Language tandems and how to make them work :)

I’ve been thinking about language tandems for a while. I’ve started using them even more these days, in order to start practicing Hungarian in a more alternative and relaxed way. Curiously, many people have told me that they’ve enjoyed our tandem since the topics never die out or that we rely in a less strict schedule.

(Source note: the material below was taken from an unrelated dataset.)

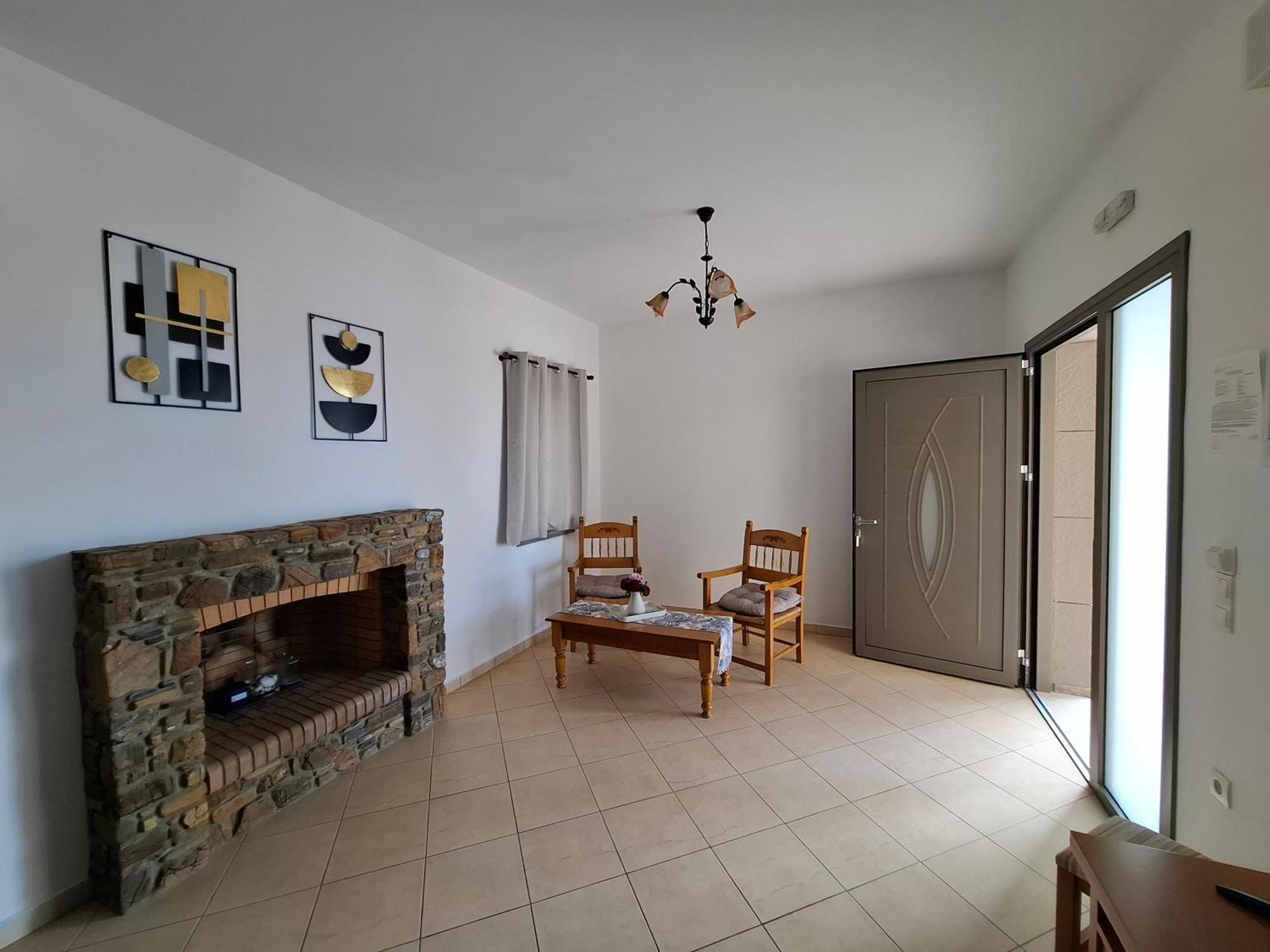 Nireides Villas 'Top Destination' Elafonisi Zewnętrze zdjęcie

I’ve thought it’d be a good idea to share what has really worked well with my tandem partners and I during our exchanges and hopefully know what has worked for you as well:

  1. Try to set a topic beforehand. It will make conversations less awkward and more relaxed. If you both like movies, for example, talk about the latest movie you’ve seen. If your partner seems to have an interesting job or so, ask about it! Most people are afraid of making the first move in tandems, but honestly, this is one of the few moments when it’s totally okay!
  2. The 30-30 approach. Several times, you are going to meet the perfect language tandem partner. You want to learn his/her language and he/she wants to learn yours! It can be both a positive and a negative thing. You might not know how to start or when to talk in one language or other. Thus, splitting your tandem time in halves can be a thing that can help you both. Remember, time can fly so, if you see you’ve been talking in one language for a long time, don’t be afraid to yell SWITCH! or simply reply in the other language.
  3. Corrections and feedback. This is probably the hardest part. You and your partner will eventually make mistakes in each other’s languages. Awkward pronounciations, wrong spelling/conjugations, whatever. If you’d correct every single mistake, most of your tandem time would be wasted. Thus, the best attitude for it is to prioritize instant corrections. Unless they are really but really awkward/wrong/funny, keep them to yourself until the tandem is about to be over and you can give your partner his/her feedback. You can use a piece of paper and a good pen to write (hopefully, he/she won’t notice). Ask your partner to do the same, and you’ll get a smoother language exchange without several interruptions.
  4. No time, big time differences, different schedules??? NO PROBLEM! No one said that language tandems must be done live, with a webcam and mic and in your room. Since both of the languages I learn are from another continent, with a big time difference included, I cannot talk 100% live with my language partners. By the time I get home, several of them are about to go to bed or resting after a hard day at work/school. So, this is where technology helps. Most of my language tandems have been done during some dead time at work, while commuting or even at friends’ parties. Yeah! I make great use of mobile apps that not only allow text messages, but voice messages as well. Sending each other voice messages is a great tool in order to have feedback on pronounciation, fluency and other language abilities. And the best thing, you don’t have to be online together or commit yourself to a schedule you might not able to obey every time.